Ramona was horrified that LuAnn would send her children away, because she wants her daughter to be close by so she can love her .  Kinda creepy.  Kinda Vicki Gunvalson-ish  Then Jill told them about her arthritis benefit, and Ramona said she couldn't do it because she was just too busy! Then she remembered that her daughter had arthritis and yeah, maybe she could help

Meanwhile, Simon and Alex were wandering around their crumbling shack, talking about spa treatments. Part of the "package" of renting their shitty shack  was that a comically big-breasted psychic/masseuse/sauna-turner-on-er would come by the house and be horrified by Simon's physique. She wasn’t the only one horrified. Alex said she was just always too damn busy in the city to get proper spa treatments, but she probably owed this to herself as their Hamptons trip had been anything but relaxing! What with all the parties and  social climbing.

So Jeana , the homeowner, showed up and Simon was clad only in a towel. After she recovered from the stroke, she  escorted them to a closet that someone had put a hibachi in. This was known as the Sauna at Hill House. Simon loved sitting in a dark room full of steam.  Then it was time for strange warm things to be wrapped around Simon's body while his wife was at the pool,  As Simon lay there, he wanted to remind us that just because he simply adored spa treatments and got them all the time, it doesn't mean he's gay. Right, Simon.  Alex got a card reading that said she was coming into property soon. She was thrilled.
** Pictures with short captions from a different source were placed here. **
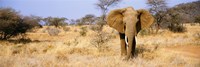 Elephant, Somburu, Kenya, Africa Fine Art Print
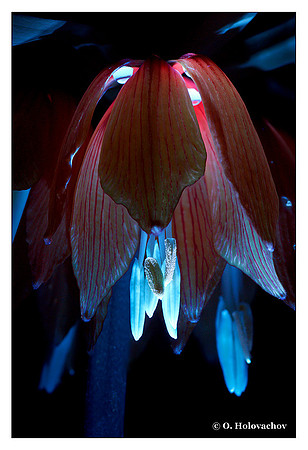 Fritillaria sp.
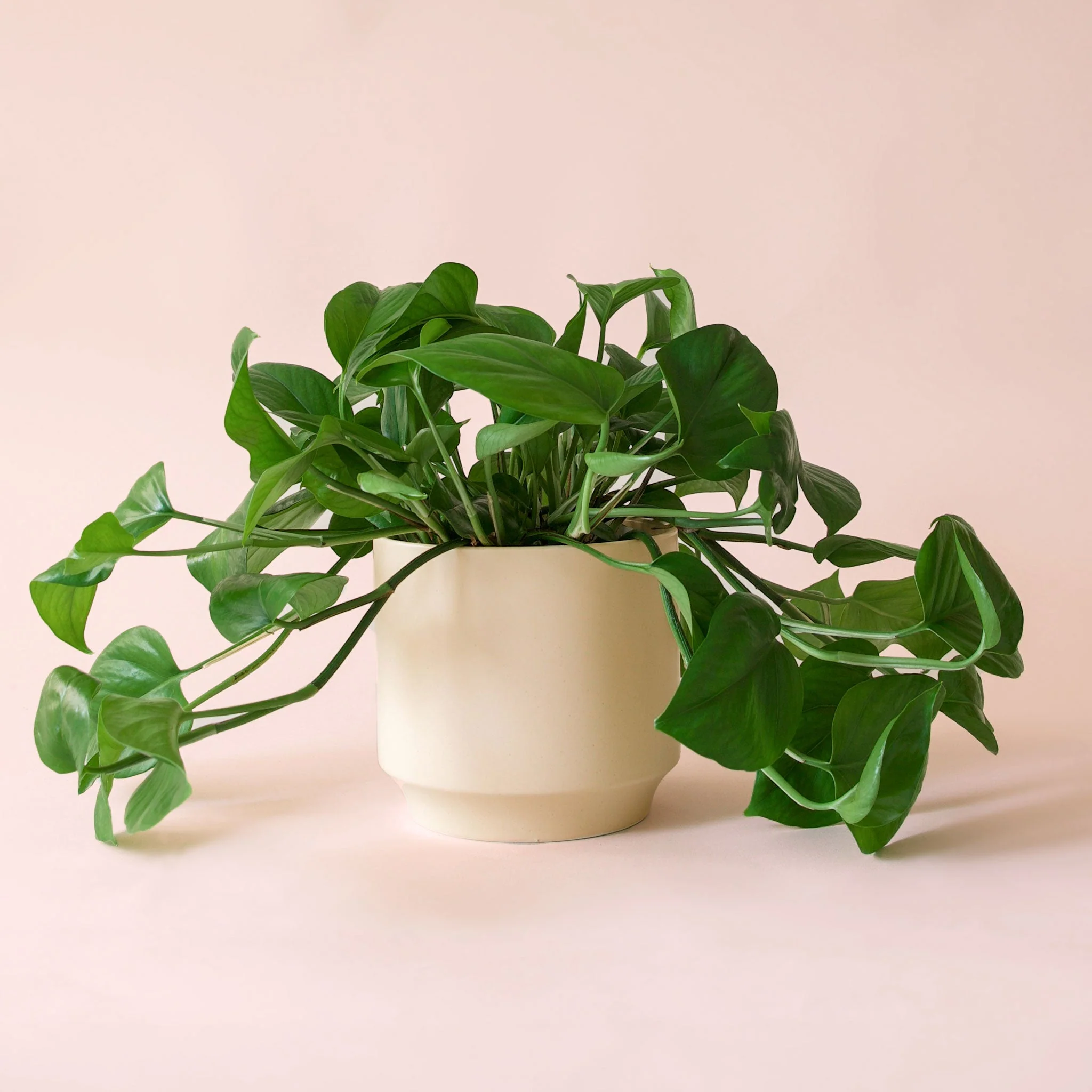 Pothos | Green - Image 28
Kelly  fell off a horse. Oh well.

Next up the Countess took her soon-to-be-departing daughter and all of her friends to a nice lunch. Oh how nice! LuAnn wants to wish her daughter bon voyage! Yay! And what does any girl who's about to leave everyone she knows behind to go to a strange school faraway want to do with her last hours in the Hamptons? Listen to her pseudo-mother go on about proper manners, as will be demonstrated in her NEW BOOK. So, yes, Countess  used her daughter's farewell luncheon to plug her new book while the poor fleeing girl's friends looked on in horror.
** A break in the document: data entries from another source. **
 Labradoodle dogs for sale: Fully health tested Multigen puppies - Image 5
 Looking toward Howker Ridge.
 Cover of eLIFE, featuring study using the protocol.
Bethenny Frankel  Jill Zarin, and Countess went to a gay party that was supposedly attended by a who's-who of New York's gay glitterati. Which, in Real Housewives-speak, translates to a bunch of old men wearing salmon-colored shirts and weeping. Countess wore a big costume of large glasses and a turban, while Bethenny cut up a rug with a bunch of gay dudes who she'd previously screamed at.  For being gay while she’s looking for a man. It was enlightening and enriching. There were hotdogs there!! Get it?????

Kelly was competing in another horse show and Ramona showed up. Wearing a ridiculous outfit of safari junk on top, Bermuda shorts and heels on the bottom.  When Leather ignored her, Ramona got very upset. Well.

Ramona landed at a party that Russell Simmons was hosting for Arts and Kids and Things. She marveled at the trees and flowers that had suddenly grown large and were talking to her. Normally this would be just a regular Ramona day, but today everyone could She got in a fight with Jill about tennis that made no sense. And then.... Oh lord. And then she bumbled up to Governor Patterson, who was at the party, and, to hear Jill tell it, got in an argument with him about who was blinder. Patterson, or Ramona with her glasses off. She walked up to him and immediately asked "Aren't you blind or something?" Unbelievable.

There was a big horsey show for the fugitive daughter of the Countess and she wanted all of her friends to come. The Count was a no show. So LuAnn's feathers got publicly ruffled and Bethenny was amused in her sarcastic, sardonic, acidic way.